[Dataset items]
---
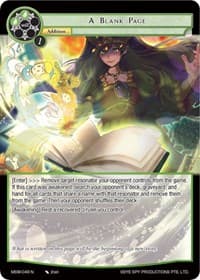 A Blank Page - The Magic Stone War - Zero - Force of Will card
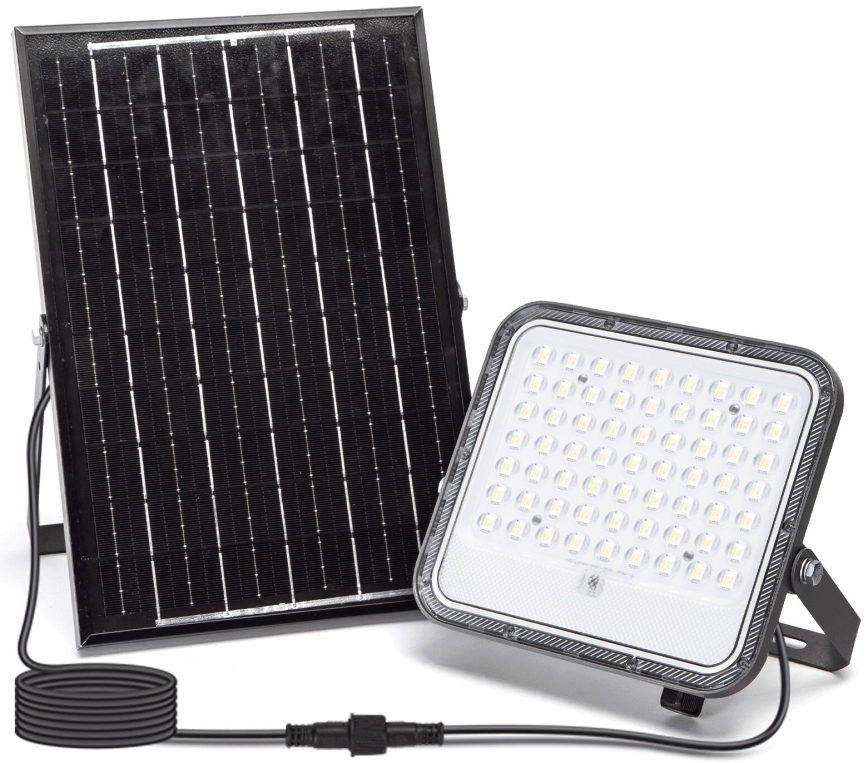 Aigostar - LED RGBW Stmívatelný solární reflektor LED/100W/3,4V IP66 + dálkové ovládání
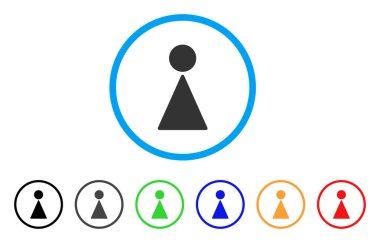 Kadın yuvarlak simge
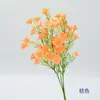 Flores Artificiais, Mosquitinho de Milão, Arranjos de Flores para Decoração de Sala de Estar, Arte Floral Falsa, Pequenos Ornamentos Florais Escovados, Arranjos Florais de Mesa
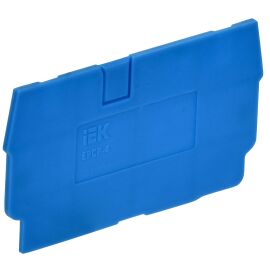 Заглушка CP для колодки клеммной 4мм2, синяя, IEK AF-CT20-00-K07-004-ZGL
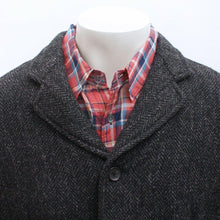 Load image into Gallery viewer, Grey Herringbone Tweed Wool Coat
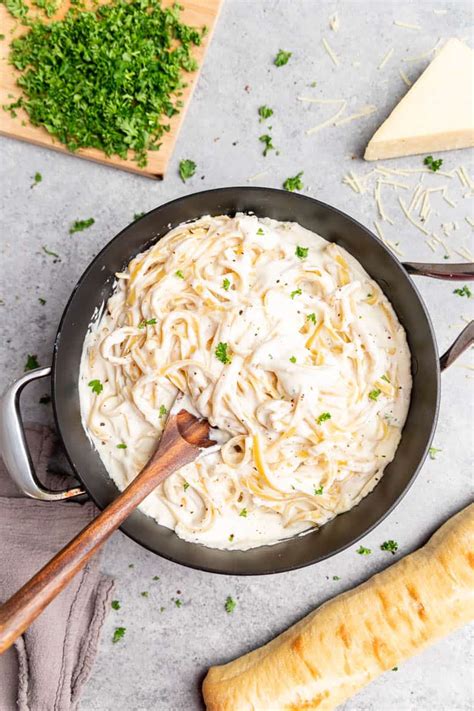 Fettuccine Alfredo - The Stay At Home Chef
---
### TRY IT
What is needed is an exact copy of the lines from the one with "Load image into" through the end of the data above, both included, minus any pictures.

### ANSWER TO THIS PROBLEM
 Load image into Gallery viewer, Grey Herringbone Tweed Wool Coat
 Fettuccine Alfredo - The Stay At Home Chef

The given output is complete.